◆ Directions for this task ◆
Leave out the images and return all the data word for word.

◆ Information provided ◆

_ _ _

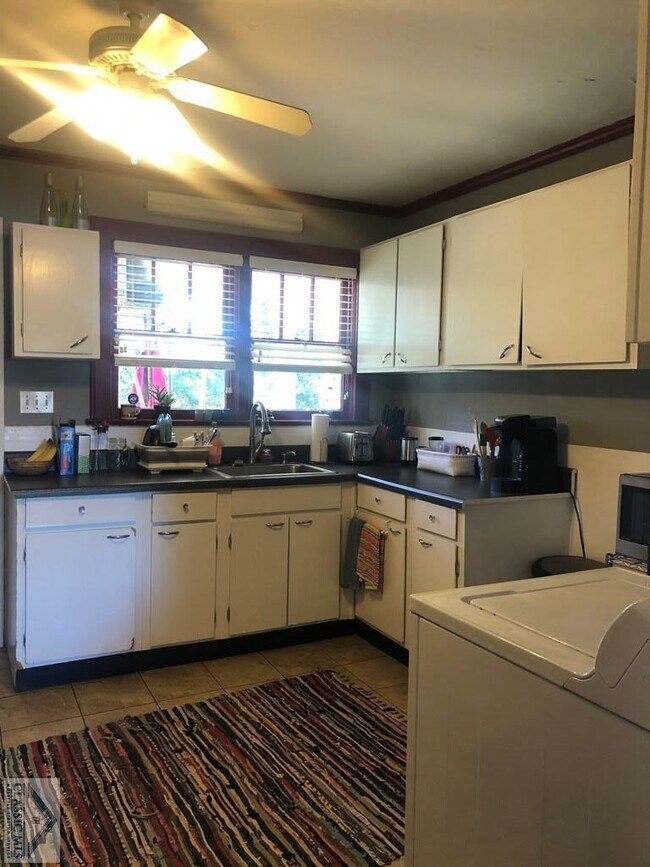Building Photo - 396 Pinecrest Dr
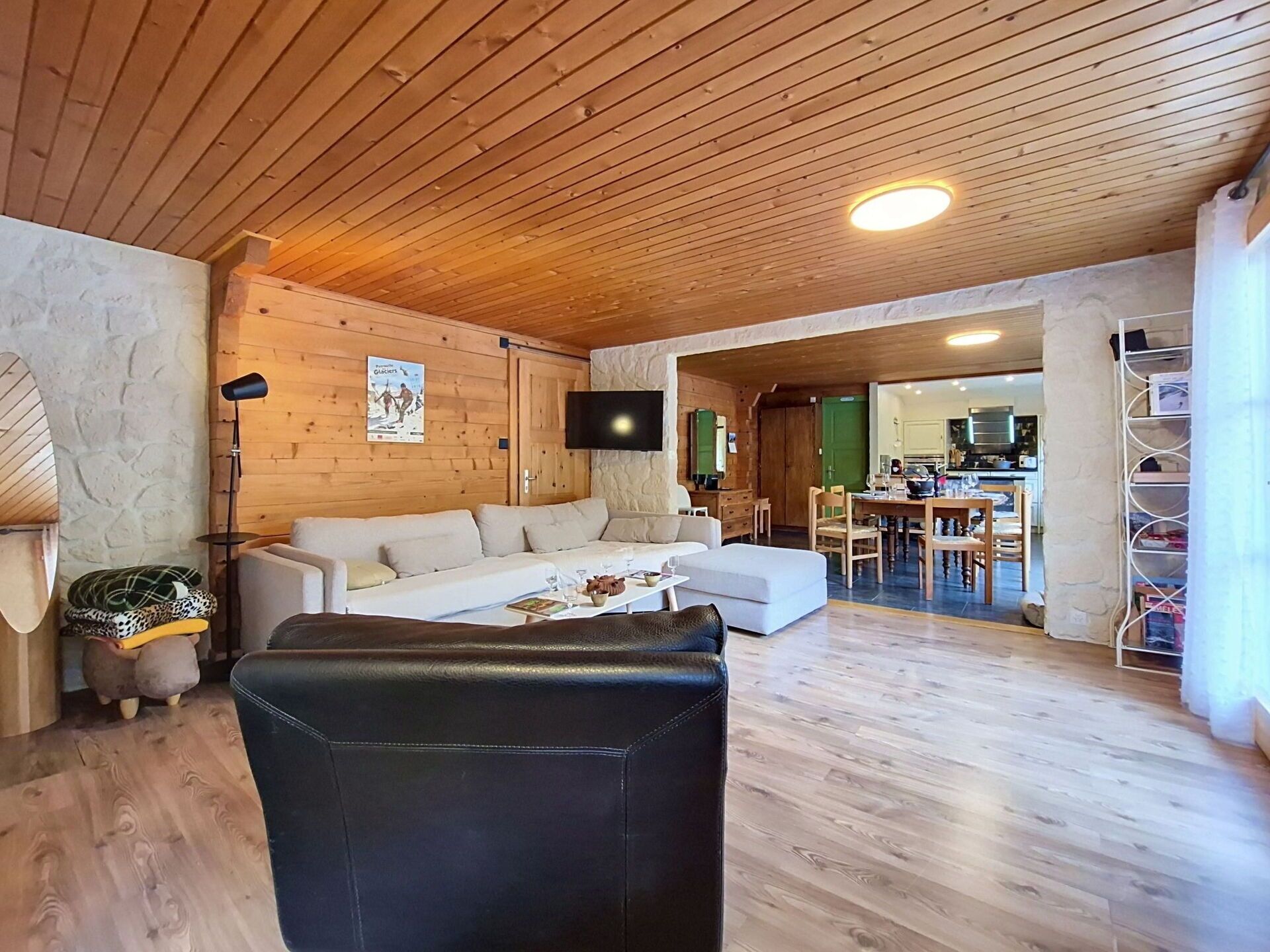 Gemütliche Wohnung Für 8 Gäste Mit  W-lan, Tv, Balkon, Haustiere Erlaubt Und Panoramablick - Arolla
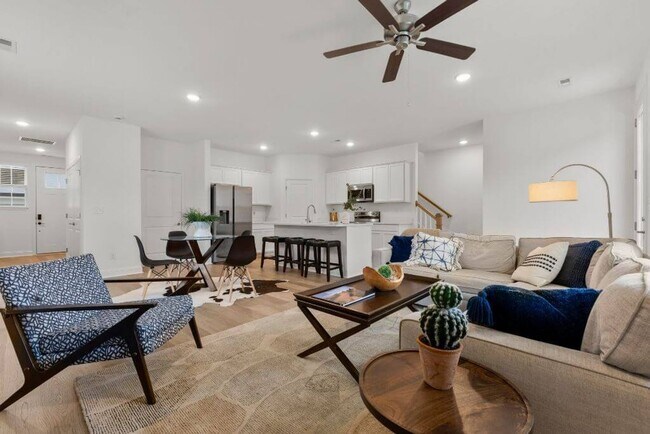 Foto del edificio - Modern 3-Bedroom Townhome with 2-Car Garage at Chapman Trace!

_ _ _

◆ Your solution ◆
Building Photo - 396 Pinecrest Dr
 Gemütliche Wohnung Für 8 Gäste Mit  W-lan, Tv, Balkon, Haustiere Erlaubt Und Panoramablick - Arolla
 Foto del edificio - Modern 3-Bedroom Townhome with 2-Car Garage at Chapman Trace!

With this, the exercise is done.